出会い2
入学式から早いものであっという間に初夏が訪れた。
この時の出会いに私はこれから何度も救われるということにはまだ気づいていない。
山田の後ろの席に座っている山中幸也くん…通称ユキくんは基本的に休み時間特に予定がなければ、読書をして過ごしていることが多かった。
密かに読書仲間だと親近感をもっていたが、なかなか話しかけるチャンスもないままだった。
図書室でやっと借りられた本を読んでいると突然話しかけられた。
「それ、図書室の先生に「次に予約してる子いるから」って急かされたんだけど、三浦さんのことだったんだね」
「え?」
あまりに唐突だったので驚いた。
本から声の方に視線を移せば、ユキくんとしっかりと目が合った。
周りにこの作品を読んだことのある人がいるとは思わず、動揺のあまり小説冒頭の一節を読んでしまった。
「『どうして?どうして何も言ってくれないの?』」
「……フハッ、うん。分かった……『あなたにこの言葉を言ってしまったら、僕はあなたの傍にいることはできないのです』……何気に良い始まりだよね」
ユキくんは、優しく微笑みつつどこまでも切なさを瞳に映しながら台詞を発した後、恥ずかしそうに、はにかんだ。

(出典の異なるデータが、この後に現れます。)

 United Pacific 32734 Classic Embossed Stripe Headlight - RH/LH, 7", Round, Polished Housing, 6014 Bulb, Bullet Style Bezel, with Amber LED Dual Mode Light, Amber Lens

「す、すごい!!分かるの!?しかも完璧な解釈での再現!!かっこいい!!」
「ありがとう。実は姉貴の影響で色々読むようになって、今はいかに再現するかにハマってるんだ」
同じ恋愛小説愛好仲間の出現、しかも再現までしてるなんて志が高いと、嬉しさのあまり私は目を輝かせた。

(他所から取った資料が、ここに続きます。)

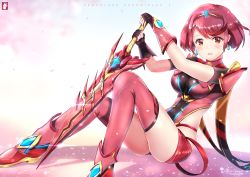 Rule 34 | 1girl, bad id, bad pixiv id, breasts, chinchongcha, earrings, fingerless gloves, gloves, highres, impossible clothes, jewelry, large breasts, leotard, looking at viewer, nintendo, open mouth, petals, pyra (xenoblade), red eyes, red hair, short hair, short shorts, shorts, sitting, solo, sword, thighhighs, tiara, weapon, white background, xenoblade chronicles (series), xenoblade chronicles 2, xenoblade chronicles (series), xenoblade chronicles 2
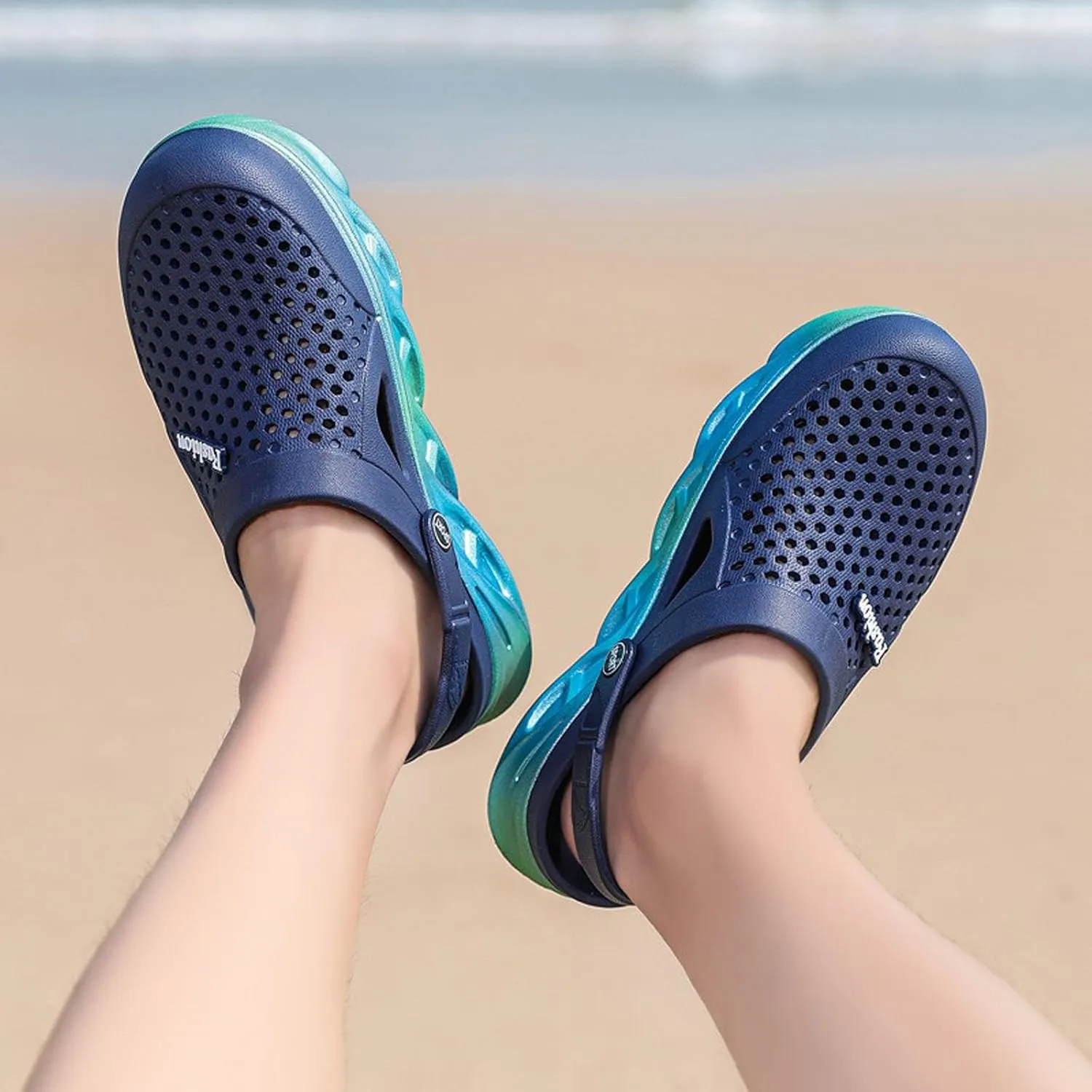 SECHRITE Clogs for Men Garden Shoes Water Sandals Mens Rubber Clogs Outdoor Slippers Waterproof Slip On Summer Mules Gradient Color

しかも、役になりきる感じが本当に格好良くて、もっと話が聞きたいとユキくんの傍に行こうとすれば、間に人が立ち塞がった。
そのまま顔を上に向ければ、不機嫌そうな山田と視線が絡んだ。いつもの上機嫌な様子がなく、ピリついた雰囲気に私の表情が固くなるのが自分で分かった。
「一舞、何してんの?」
ユキくんの不思議そうな声を山田越しに聞きながら、何故会話の邪魔をされているのか分からず、何か用事でもあるのかと問いかければ、質問を質問で返された。
「どうしたの?」
「今のは何だよ?」
今の?今のって小説の再現をしていたことだろうか?そんなことで不機嫌になるだろうか。

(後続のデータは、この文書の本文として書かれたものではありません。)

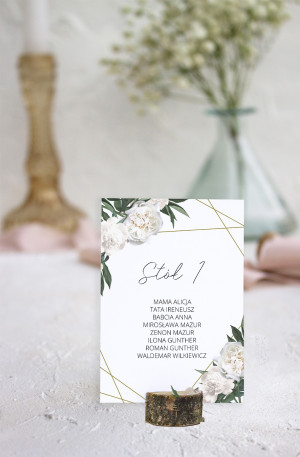 Plan stołów w formie KART White Peony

ちなみに、先生から頼まれた用事を丁度済ませて戻ってきた笑愛ちゃんは、山田とユキくんと私の3人を見比べて楽しそうに笑っていたのが視界に入ったのを覚えている。
「何って……小説の話をしていただけだけど?」
サラッと状況を説明するユキくんに私は同意を込めて大きく頷いた。
山田は、ユキくんと私を交互に見やると小説を目にして少し安堵する様子に変わった。
「……はぁ?あんな視線送っといて小説???」
「あのね、ここなんだけど、主人公が長年思いを寄せている護衛騎士の気持ちを確認したくて問いかけてね、でも、主人に対してこの感情は伝えられないって切なさを含んだ台詞で……ってそれより、山中くん!恋愛小説好きなの!?」
「好きだよ。最初は姉貴の買ってくる本で暇つぶし程度に読んでたんだけどね、今はハマってる」
読書仲間だと密かに思ってはいたが、好きなジャンルが同じという新しい情報に私は大喜びだった。
改めてユキくんに「これからよろしくね。もっとお話ししたい」と伝えれば、「よろしく」と嬉しい反応をもらえた。
そのやりとりを見ていた山田が「面白くない」とぼやいたのが耳に届き、この時思わず「失礼な」と睨みつけてしまった。
山田の肩が一瞬ビクリと揺れたように思えたが、私達は共通の趣味で楽しく話していただけなのに、「面白くない」と発言された腹立たしさが勝ってしまい、言い返そうとしたところ、このやりとりを見ていたクラスの男子が冷やかすように山田に絡んだ。
「まぁまぁ三浦さん、落ち着けって。一舞は、拗ねてんだよなぁ?付き合ってる三浦さんがユキと仲良くしてるから〜女神様に放っておかれて寂しいんだよな〜」
「あ〜なるほど」
その言葉にユキくんがのんびりと納得したが、私は衝撃的な展開に完全に置いていかれた。
誰と誰が付き合ってるって???
ニヤニヤしながら絡む男子の視線に困惑していると、表情を明るくしている笑愛ちゃんと目が合ったので慌てて否定のサインを送った。
だが、この中で1番不思議そうにしているのは、紛れもなく山田本人だった。